Cardiac Ablation Cost by Site of Service in 2026
The biggest cost driver of Cardiac Ablation is the site of service: where the procedure is performed. 2026 CMS price transparency data confirms a 2-3x billing differential between independent centers and hospital outpatient departments.
Cardiac Ablation prices without insurance vs. 2026 Medicare rates| Site of Service | Range Without Insurance | 2026 Medicare Rate |
|---|
| Ambulatory surgery center (ASC) | $12,000 to $32,000 | $20,256 facility (new for 2026) |
| Hospital outpatient department | $20,000 to $50,000 | $26,704 facility |
| Hospital inpatient (complex cases, admission required) | $35,000 to $80,000 | Bundled in MS-DRG |
| Electrophysiologist professional fee (all settings) | $800 to $3,000 | ~$811 (2026 PFS) |
2026 Medicare rates reflect the CMS 2026 OPPS final rule (hospital outpatient $26,704 for CPT 93656) and the 2026 ASC payment rate ($20,256 for CPT 93656, newly covered effective January 1, 2026). Professional fee reflects 2026 PFS. Without-insurance ranges reflect FAIR Health Consumer national data and CMS hospital price transparency data. The professional fee is billed separately in addition to facility rates.

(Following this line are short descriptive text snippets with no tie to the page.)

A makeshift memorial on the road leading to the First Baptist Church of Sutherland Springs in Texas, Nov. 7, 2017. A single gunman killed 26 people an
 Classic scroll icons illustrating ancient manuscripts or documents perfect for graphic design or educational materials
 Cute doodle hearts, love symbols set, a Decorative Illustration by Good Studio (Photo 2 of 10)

Source: CMS 2026 OPPS Final Rule, CMS 2026 ASC Payment System, CMS 2026 Physician Fee Schedule, FAIR Health Consumer 2026
Why the Same Procedure Is So Much More at a Hospital
Hospital outpatient departments bill cardiac ablation at facility rates that bundle imaging equipment, catheterization lab overhead, specialized nursing staff, electrophysiology mapping system costs, and a wide staffing model. Ambulatory surgery centers operate with lower overhead and are increasingly equipped with the same mapping and ablation technology. The 2026 OPPS final rule recognizes this by allowing ASC-based cardiac ablation for the first time since 2004, with the Medicare ASC rate for pulmonary vein isolation ($20,256) running about 24 percent lower than the hospital outpatient rate ($26,704). In the cash-pay market, the differential is often steeper because hospital chargemaster prices are padded further above Medicare rates than ASC prices tend to be.

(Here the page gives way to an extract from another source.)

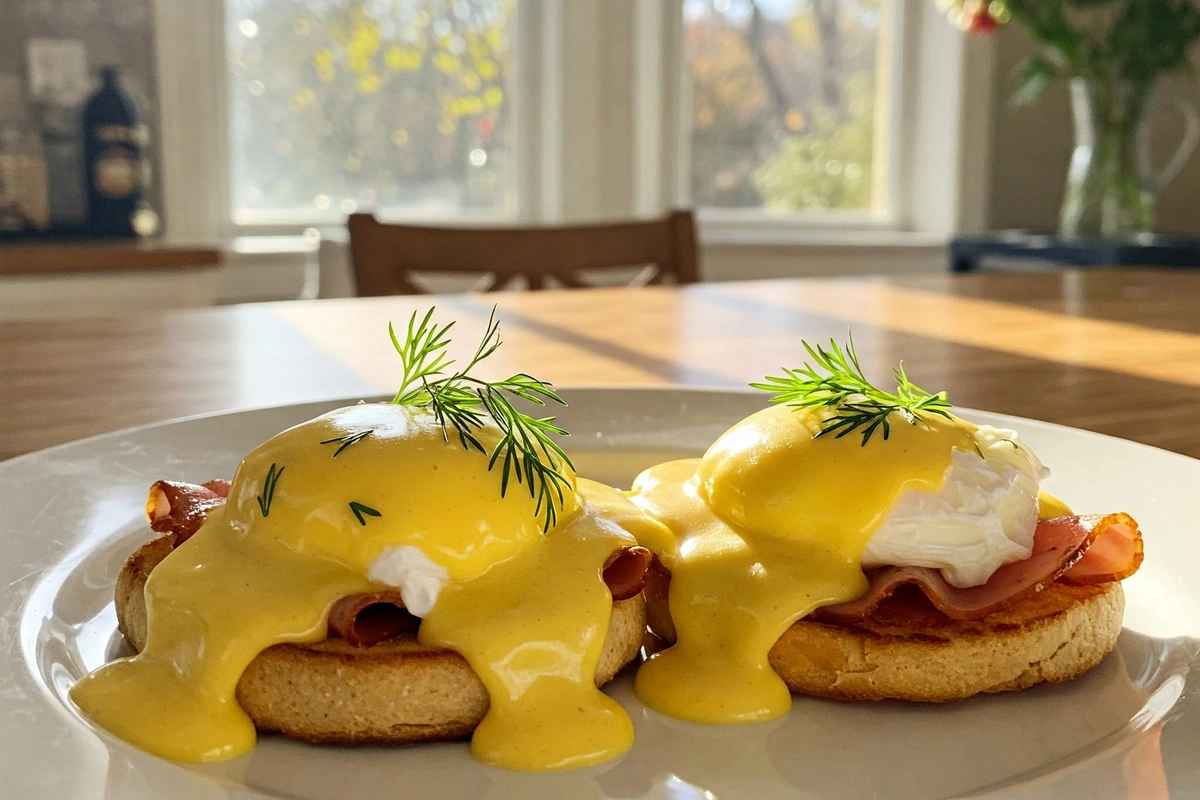 Perfectly plated Eggs Benedict with Hollandaise sauce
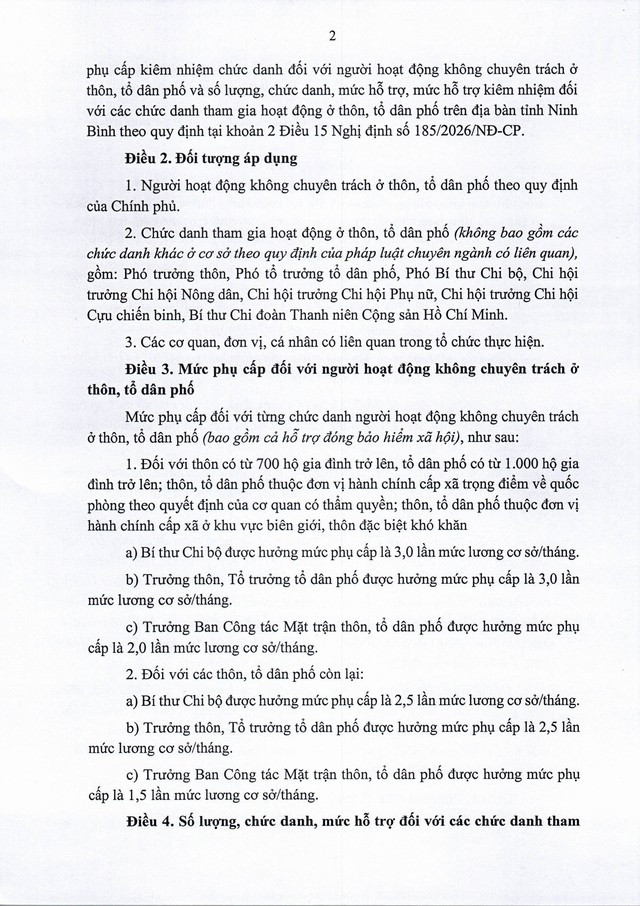 Mức phụ cấp, hỗ trợ, phụ cấp kiêm nhiệm đối với người hoạt động không chuyên trách ở thôn, tổ dân phố- Ảnh 2.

Cash-pay patients should ask upfront whether the facility is an ASC or a hospital outpatient department, because the chargemaster rate, the starting point for any self-pay negotiation, differs by $10,000 to $20,000 between settings. Most non-profit hospitals are required by federal law (the Affordable Care Act Section 501(r)) to maintain a written financial assistance policy, which can reduce or even eliminate bills for patients below certain income thresholds. Even for patients above charity-care income limits, hospitals routinely offer self-pay prompt-pay discounts of 20 to 60 percent off the chargemaster price when payment is arranged before or at the time of service.
The professional fee billed by the electrophysiologist is separate from the facility fee in most cases. Under the 2026 Medicare Physician Fee Schedule, the professional fee for CPT 93656 (pulmonary vein isolation) is approximately $811. Self-pay patients should confirm whether their quoted price is all-inclusive (bundled facility plus professional fee plus anesthesia) or whether additional bills will arrive separately from the electrophysiologist, the anesthesiologist, and the cardiac mapping company. Unbundled billing is a leading source of surprise costs in cardiac ablation.
Cardiac Ablation Cost by Ablation Type in 2026
The cost of cardiac ablation varies by the type of arrhythmia being treated and the ablation technology used. Pulmonary vein isolation (PVI) for AFib is the most complex and expensive type. Supraventricular tachycardia (SVT) and flutter ablations are less complex and generally less expensive. Pulsed-field ablation (PFA), the newest technology, tends to carry higher upfront device costs but similar Medicare rates to radiofrequency ablation.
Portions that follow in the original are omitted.